LA CHANSON DE TABLE.



III.


— O Notre-Dame de Plévin ! le soir et le matin, et le matin quand je me lève, je vois la cheminée de ma douce ;

Je vois s’élever la fumée de la cheminée de ma douce belle qui me fait bien du chagrin. Il faut que j’aille jusque chez elle pour lui parler encore une fois. —

Loïzaïk Alan chantait en conduisant ses vaches, ce matin-là ; en menant ses vaches au champ neuf, Loizaik Alan chantait gaiement.

Elle avait relevé sa coiffe blanche : son œil est bleu, ses cheveux blonds, sa joue rose comme la fleur de l’érable ; elle dédaigne tous ses galants.

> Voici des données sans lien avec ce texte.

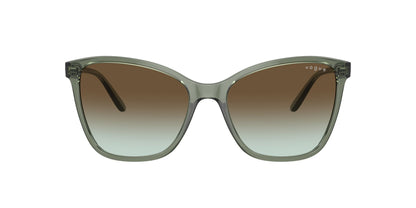 VOGUE EYEWEAR VO5520S 3086E8 56
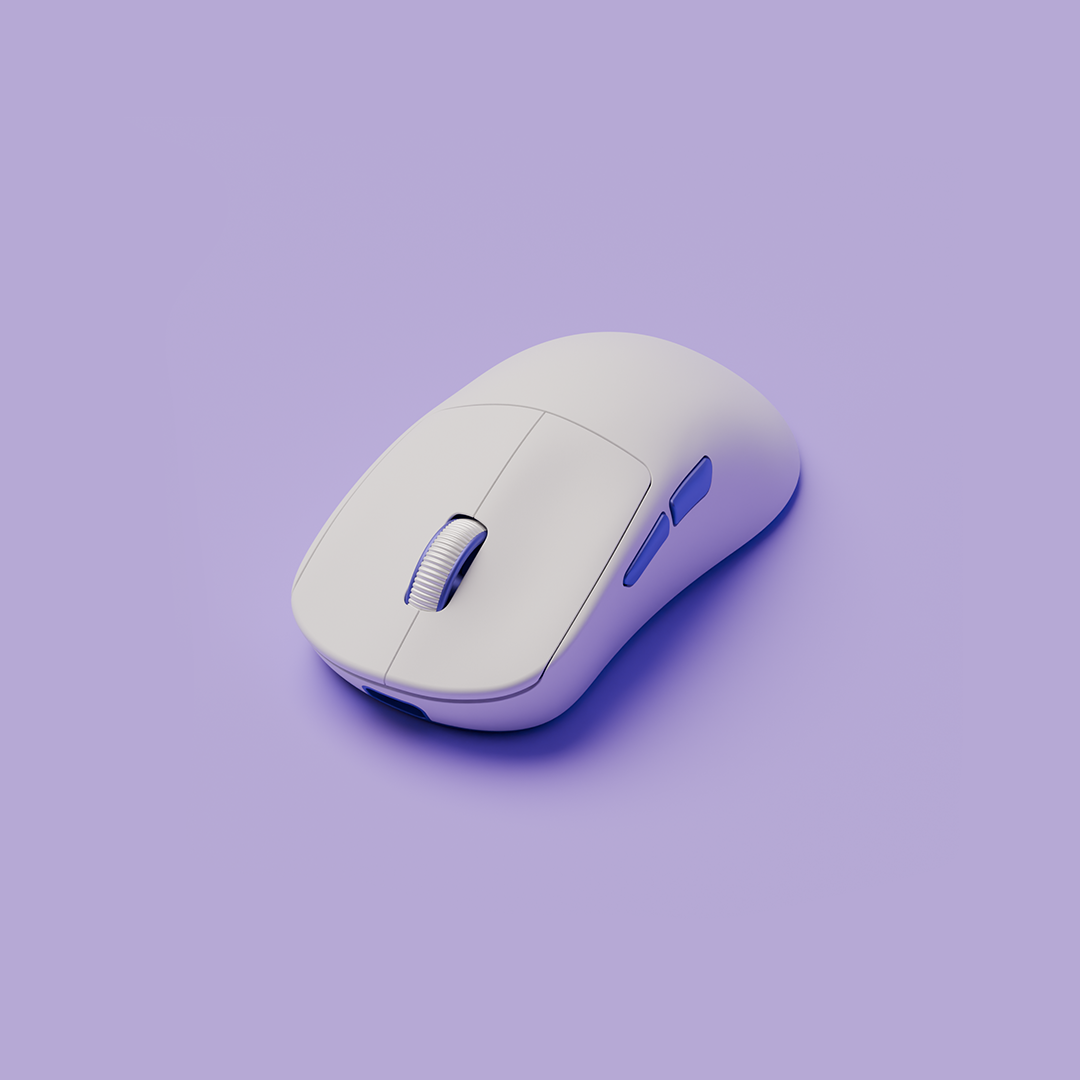 Mouse and Mousepads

Elle était montée sur l’échalier pour ouvrir la barrière à ses bêtes, quand elle vit Piarik, son amoureux, qui cheminait dans la vallée.


PIARIK.

Ma douce belle, j’allais chez vous pour vous demander en mariage ; faites-moi une réponse favorable, comme celle que fit autrefois votre mère à votre père.



LOIZAIK.

Je vous ferai une réponse, jeune homme, puisque vous me la demandez d’une manière si polie et si gentille ; je ne veux point vous mentir du tout : c’est jeudi le jour de mes noces.

J’ai au village, sur l’esplanade, des ouvriers qui font des tables et des escabeaux pour donner aux gens de la noce jeudi prochain ;

Jeudi est le jour de mes noces ; vous êtes arrivé trop tard ; un autre a semé dans mon courtil la fleur d’amour.


PIARIK.

C’est moi qui l'y avais semée, et vous l’en avez arrachée, et maintenant elle est flétrie ; mais mon cœur ne l’est pas.

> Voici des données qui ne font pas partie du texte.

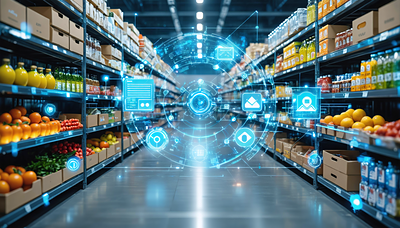 Choco：受注業務をAI自動化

Je vous aime pourtant toujours ; nuit et jour je ne pense qu’à vous ; votre haleine, par le trou de la serrure, vient me réveiller quand je dors.

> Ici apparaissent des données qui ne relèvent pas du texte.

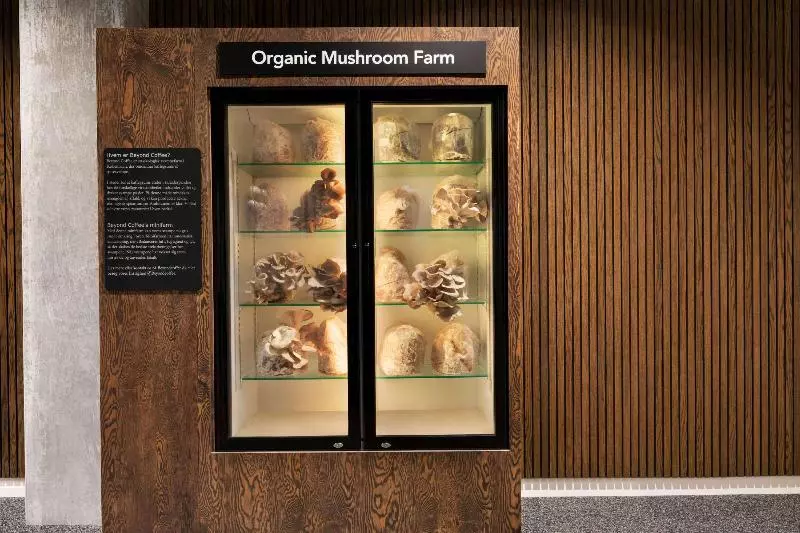 ホテル Comwell Copenhagen Portside Dolce By Wyndham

J’ai passé cinquante nuits à votre porte, et vous n’en saviez rien, tellement battu de la pluie et du vent, que l’eau dégouttait de mes habits.

J’ai usé trois paires de souliers, ma douce, à vous faire la cour ; voici la quatrième, et je n’ai point encore votre dernier mot.



LOIZAIK.

Si vous voulez avoir mon dernier mot, écoutez-moi bien, le voici : trois sentiers conduisent chez vous, prenez-en un et ne revenez plus. —


Et Piarik de s’en revenir aussi triste que la mort : — Je voulais cueillir du bouleau, et n’ai eu que du coudrier.